Il Medio Oriente è in fiamme e l’allargamento del conflitto è dinanzi ai nostri occhi. Ma quali sono gli interessi e i sottili giochi politico-economici che muovono le pedine di una scacchiera sempre più incandescente?
Le testimonianze che giungono dai diversi teatri di questo conflitto, che ormai appare sempre più come unico, fotografano una realtà sconcertante di violenze, abusi. Espressione di vecchi rancori e di odi sedimentatisi negli anni.
Ma le voci che si levano dai vari fronti, oltre ad esprimere la desolazione di chi vive l’inferno, ci dicono quelle verità che squarciano il velo, il filtro di propagande manipolatorie.
Dalla Siria una testimonianza attendibile
Un nuovo teatro di guerra si è aperto in Siria e la notizia dei missili piovuti sulla sede dei francescani, presenti sul territorio, ha destato un’eco notevole ovunque.

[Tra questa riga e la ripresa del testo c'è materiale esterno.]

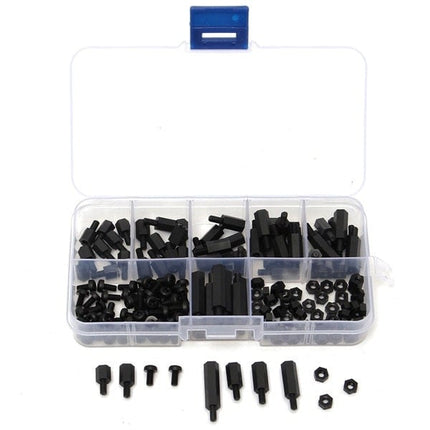 DroneBuildr M3 Nylon Standoff Screw Set 180pcs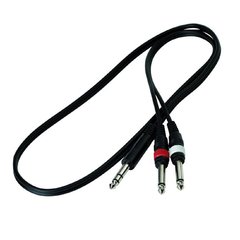 Cable 2 Plug 6.3 Mono a 1 Plug 6.3 St 3 Mts Mamut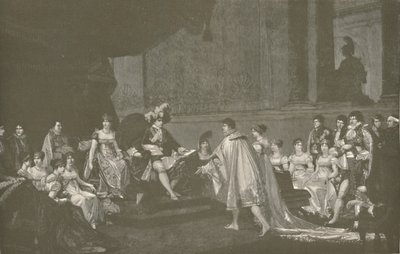 Ægteskab mellem prins Jerome Bonaparte og prinsesse Frederica Catherine af Würtemberg, 1807, 1896 af M. Haider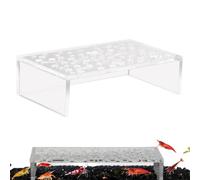Acrylic Shrimp Tunnel, Shrimp Breeding Tank, Aquarium Shrimp Tunnel, Fish Tank Decorations, Acrylic Shrimps Tunnel Aquarium Designed to Encourage Shrimps Breeding and Provide a Secure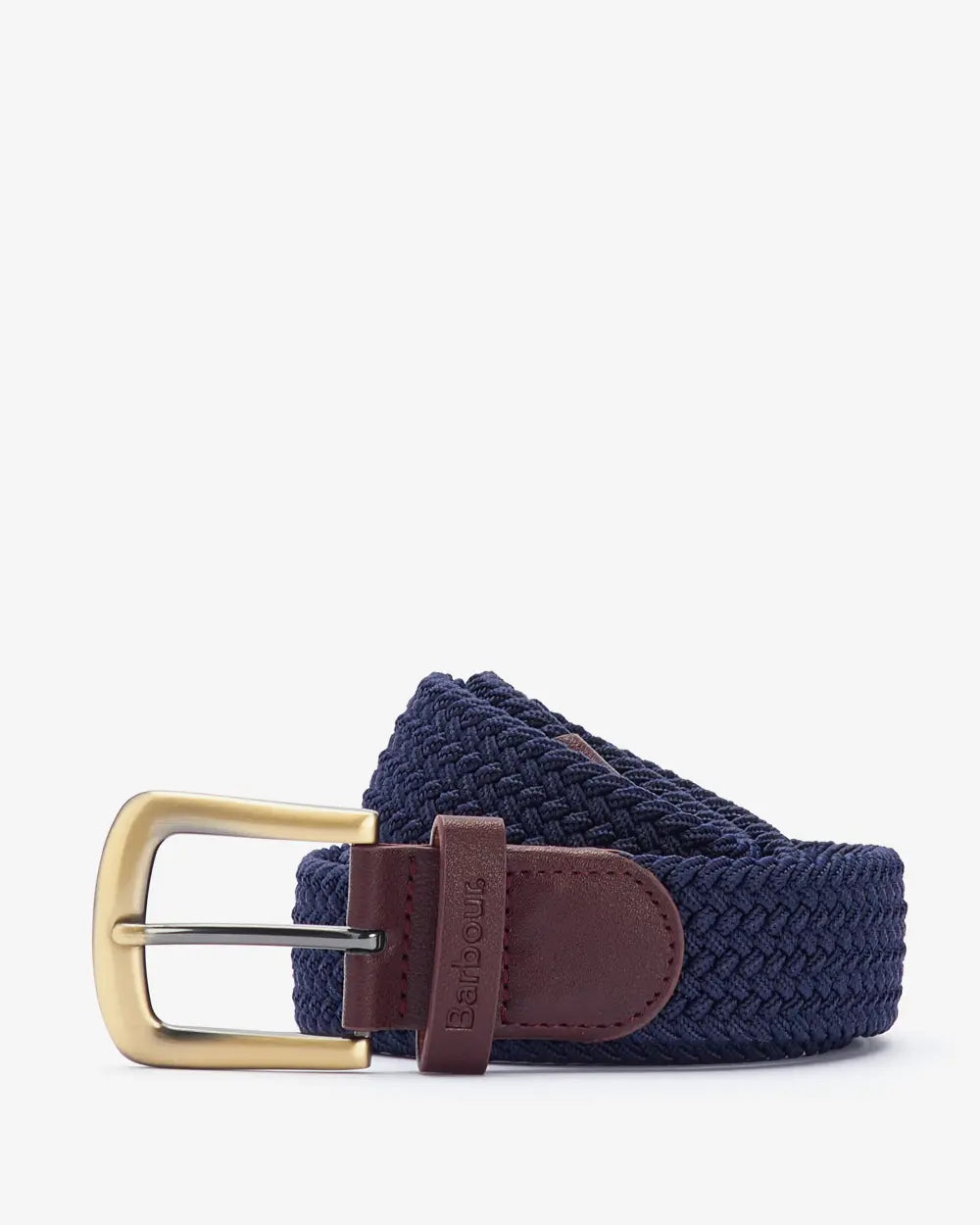 Barbour - Herre, Bælte, Nevis Web, Navy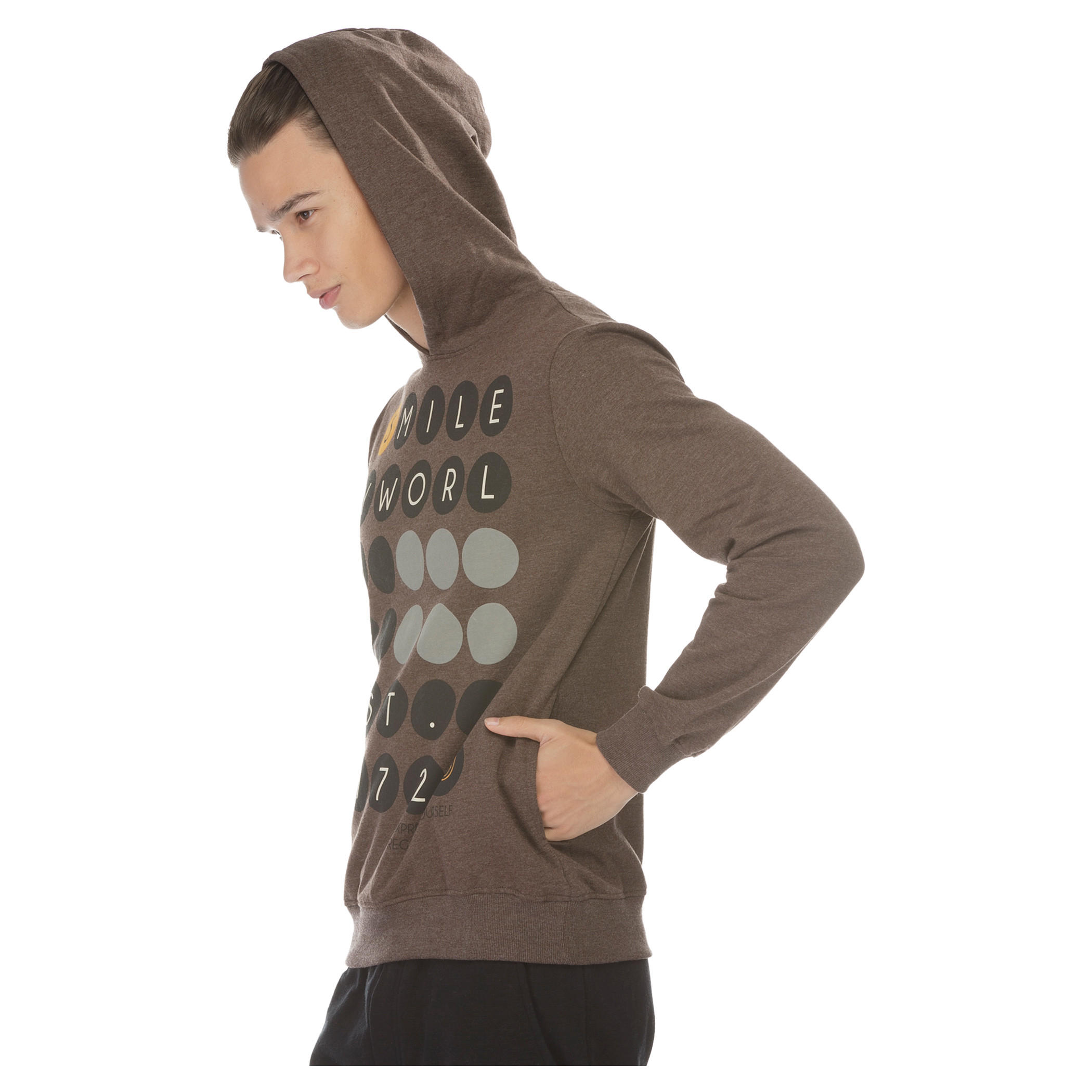 Smiley World Printed Pullover with Hood-men-winterwear-hoodiesandsweatshirts-image-3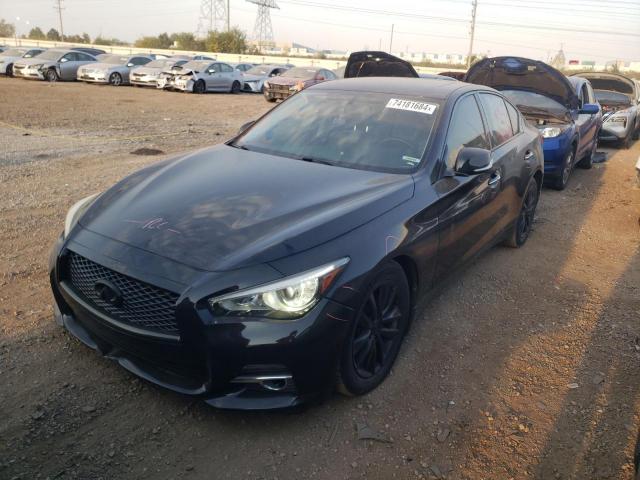  Salvage INFINITI Q50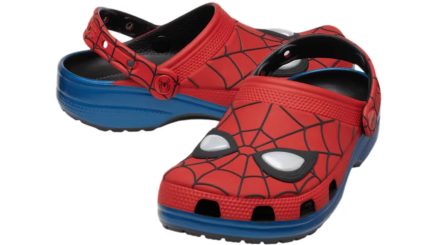 Crocs x Homem Aranha
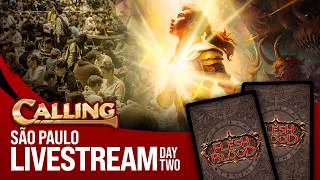 🔴 Day 2 & Top 8 Calling São Paulo | Flesh and Blood #fabtcg 🇧🇷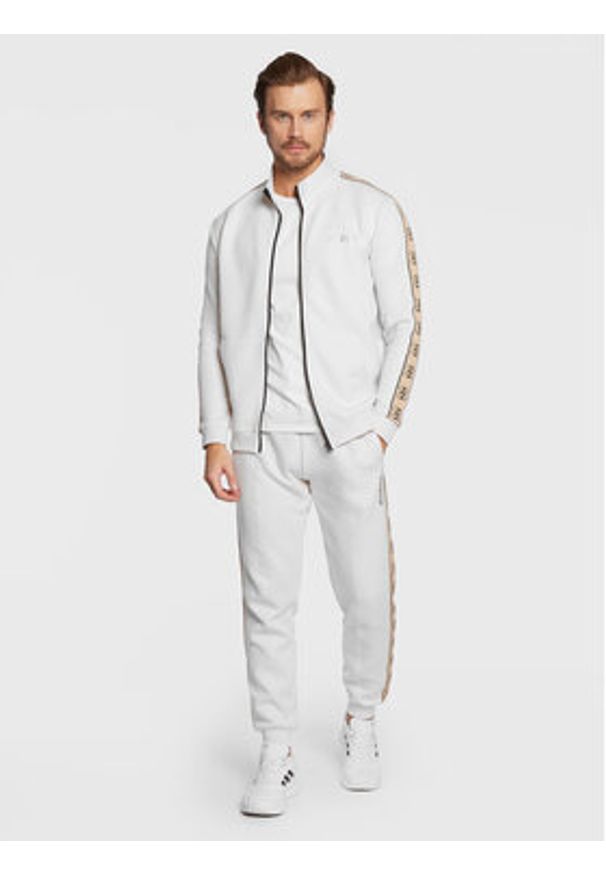 Guess Bluza Mickey Z2YQ10 KB3P2 Écru Regular Fit. Materiał: syntetyk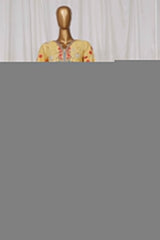 Bin Saeed Stitched 3 Piece Exclusive Printed Lawn Vol-05 Collection-SM-1343-Yellow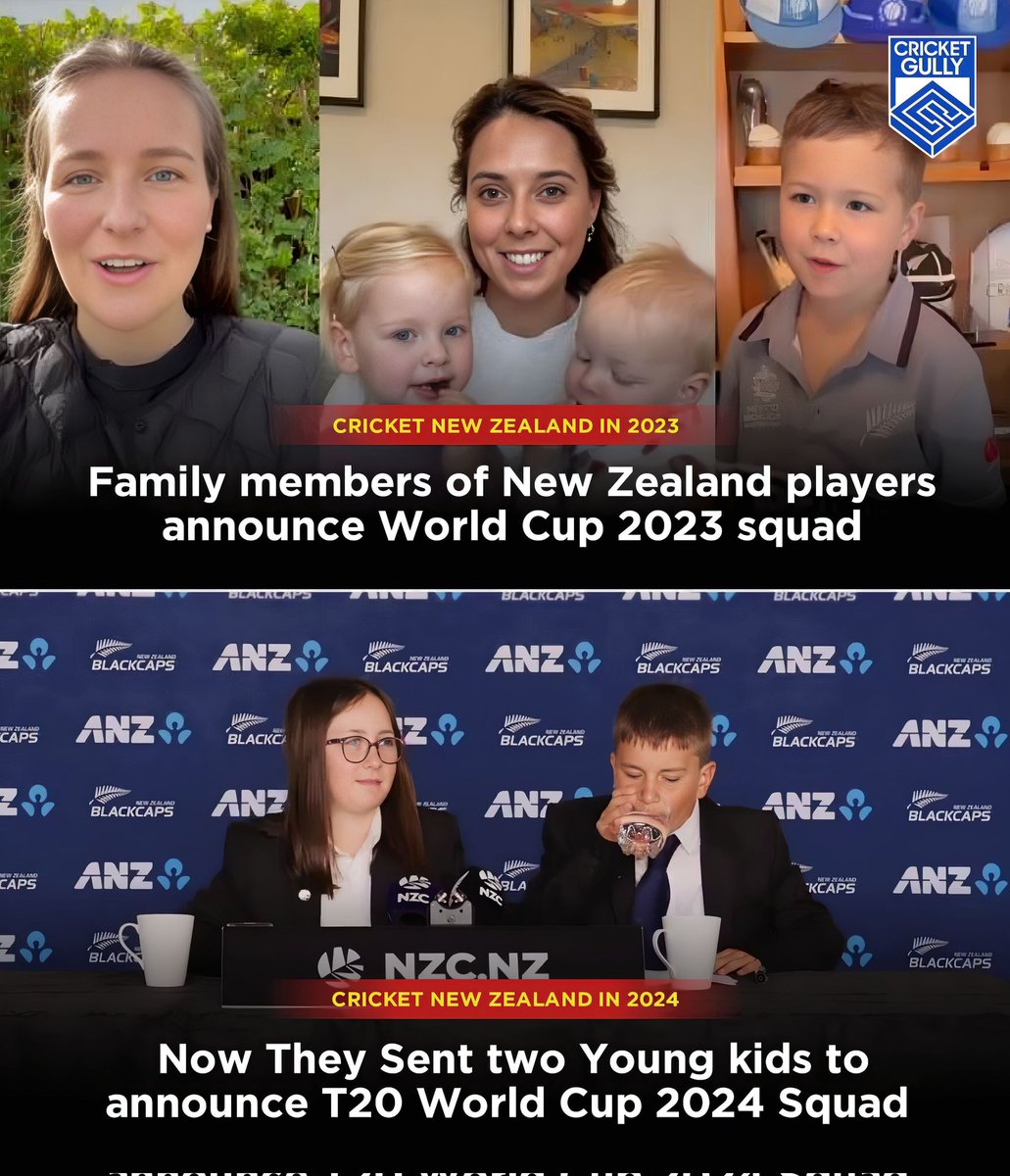 New Zealand Cricket win hearts with T20 World Cup squad announcement ❤️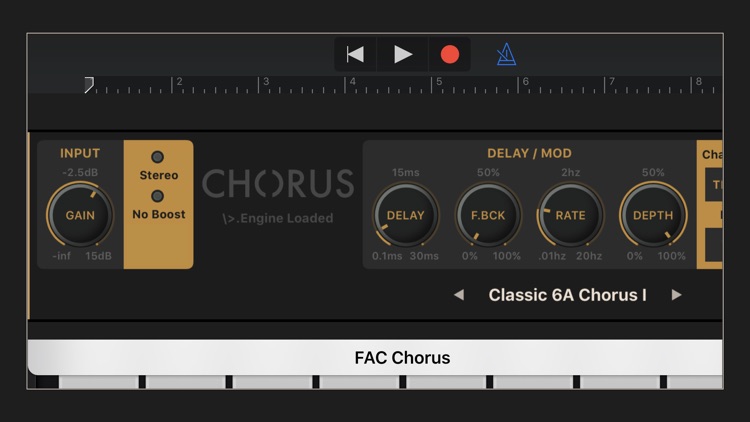 FAC Chorus screenshot-4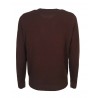 FERRANTE Maglia uomo lavaggio dyed mod 42G37101 100% lana MADE IN ITALY /2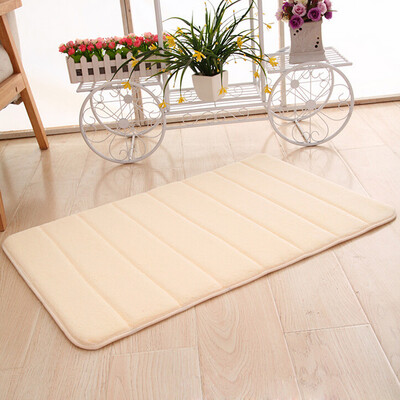 Siaonvr Memory Foam Mat Absorbent Slip-resistant Pad Bathroom Shower Bath Mats Beige
Siaonvr Memory Foam Mat Absorbent Slip-resistant Pad Bathroom Shower Bath Mats Beige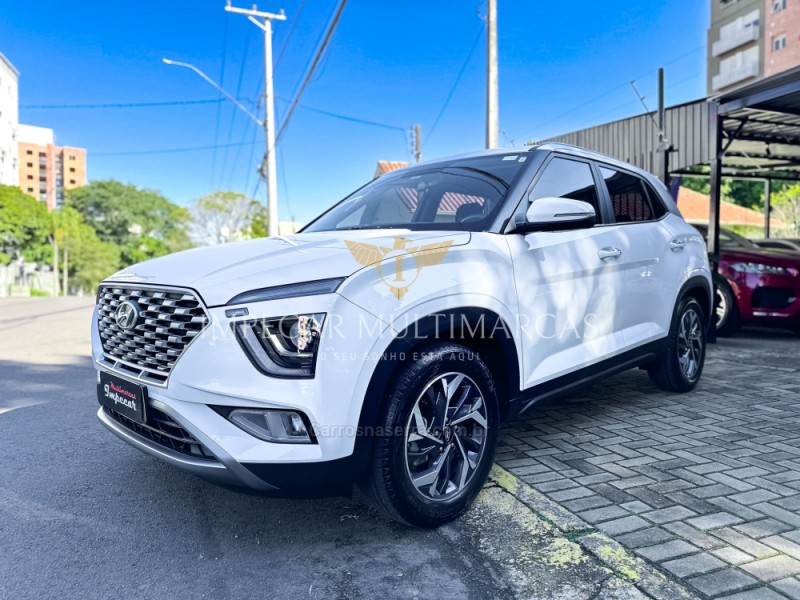 creta 1.0 limited 12v turbo flex 4p automatico 2024 novo hamburgo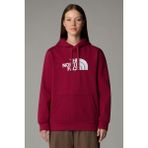 The North Face Kadın Drew Peak Pullover Hoodie Sweatshirt Mürdüm - XS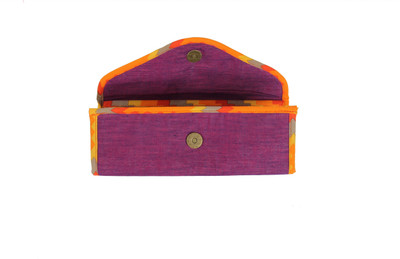 

Raaa Casual Purple Clutch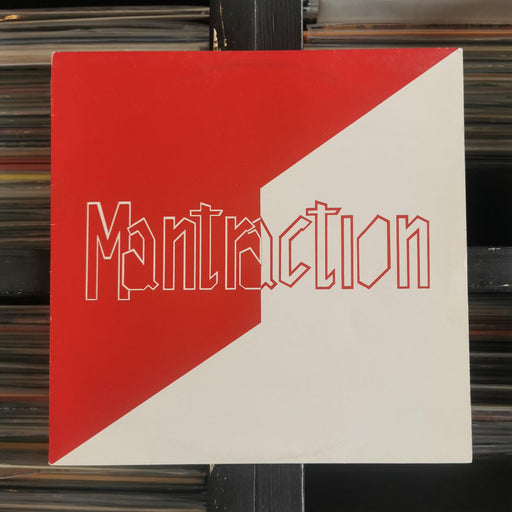 Mantraction - Mantraction - Vinyl LP. This is a product listing from Released Records Leeds, specialists in new, rare & preloved vinyl records.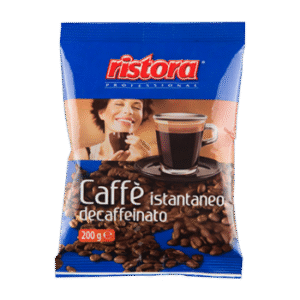 RISTORA Espresso Italiano Decaffeinato – 0.200 KG. - ხსნადი ყავა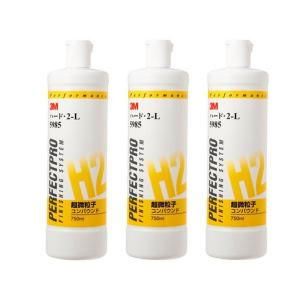 3M コンパウンド ハード 1-L 35982 液状 4L 研磨剤 極細目 目消し 肌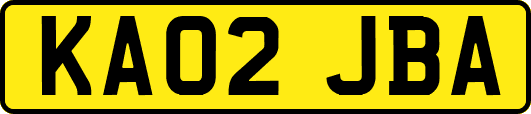 KA02JBA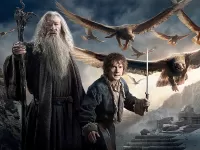 Quebra-cabeça Gandalf and Bilbo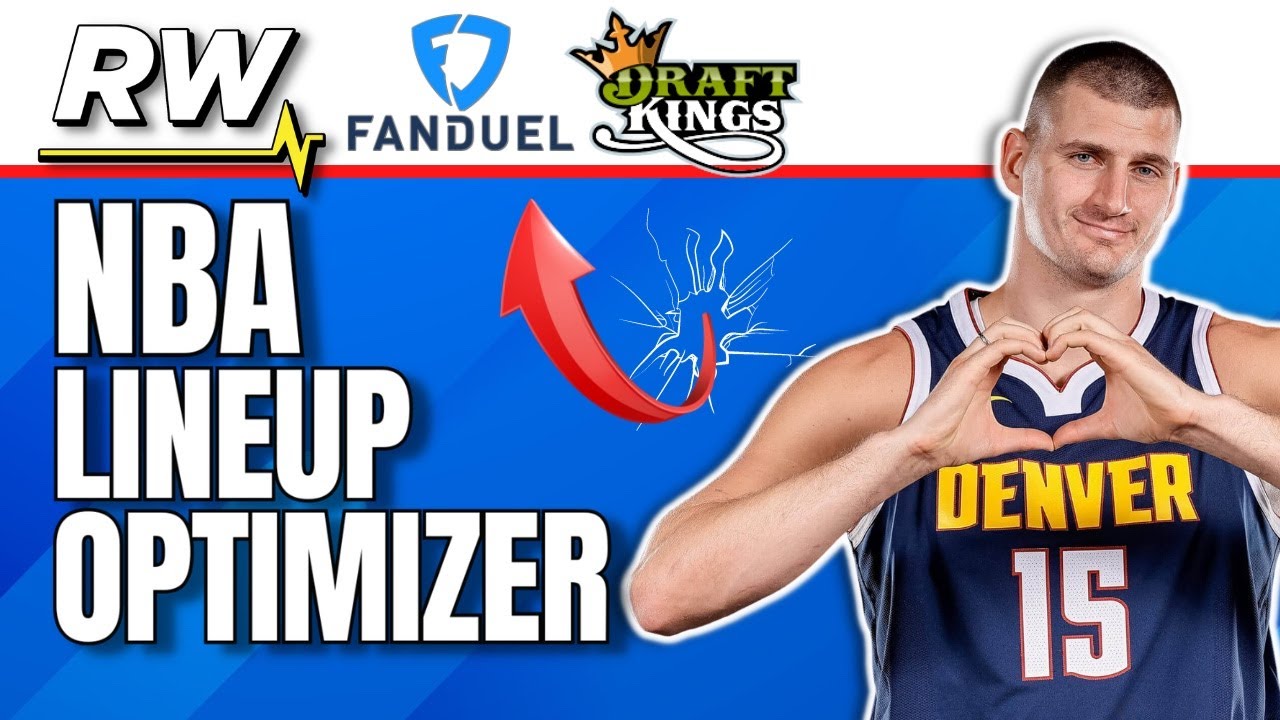 How does an NBA Optimizer work simple explanation for beginners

Ma ciò che fa riflettere è la testimonianza di padre Firas Lufti, frate minore siriano, da molti anni ad Aleppo.
In un’intervista rilasciata all’editoriale Avvenire, padre Firas racconta come la presa di Aleppo da parte dei ribelli sia avvenuta senza alcun combattimento, senza che fossero fermati prima di entrare in città.
I ribelli infatti ‘hanno trovato una città vuota’ riferisce il sacerdote ‘vuoti gli uffici amministrativi, vuota i centri di polizia’
E secondo quanto detto da padre Firas, solo in un secondo momento, non si sa chi, ha iniziato a bombardare dentro la città, colpendo i civili.
Un fatto inspiegabile, che lascia chiaramente intuire come alle spalle ci sia un’occulta regia, probabilmente legata ad interessi economici, oltreché geopolitici.
Jihad, un ritorno voluto?
.Chi c’è dietro tutto questo trionfale ritorno della Jihad in Siria? La Turchia di Erdogan? Israele, che mira alla totale destabilizzazione dell’Iran e dal 1967 occupa le alture del Golan, tenendo in pugno i suoi rivali? O dagli Stati Uniti che con la loro base militare sono a guardia dei pozzi petroliferi siriani, meta ambita da molti.
Di certo è sempre stato ambiguo l’atteggiamento di Mosca che, malgrado sia intervenuta, nel 2015, a sostegno di Assad non ha mai preso una posizione netta e decisa nei confronti dei ripetuti raid israeliani in Siria.
Raid che, a una lettura attenta delle dinamiche politiche che possano presiedere a questa espressione di violenza, attestano la volontà di Netanyahu di impedire a Teheran la fornitura di aiuti militari a Hezbollah, ma anche di consolidare il proprio controllo su un’area calda, ampliando conseguentemente la propria egemonia, ovviamente col placet degli Stati Uniti.
E, a convalida di questa ipotesi, l’atteggiamento di Trump, pronto a insediarsi nuovamente dal 20 gennaio alla Casa Bianca, non promette nulla di buono.
Il suo ultimatum ad Hamas, relativo al rilascio immediato degli ostaggi israeliani, pena un prezzo alto da pagare, suona come un triste presagio di un irrigidimento di un conflitto che già ha le sembianze di una guerra di inusitata efferatezza.
Tutto è ancora da vedere, ma le dinamiche sottili, celate ai più, di questo dilagante orrore cominciano a delinearsi con una preoccupante chiarezza.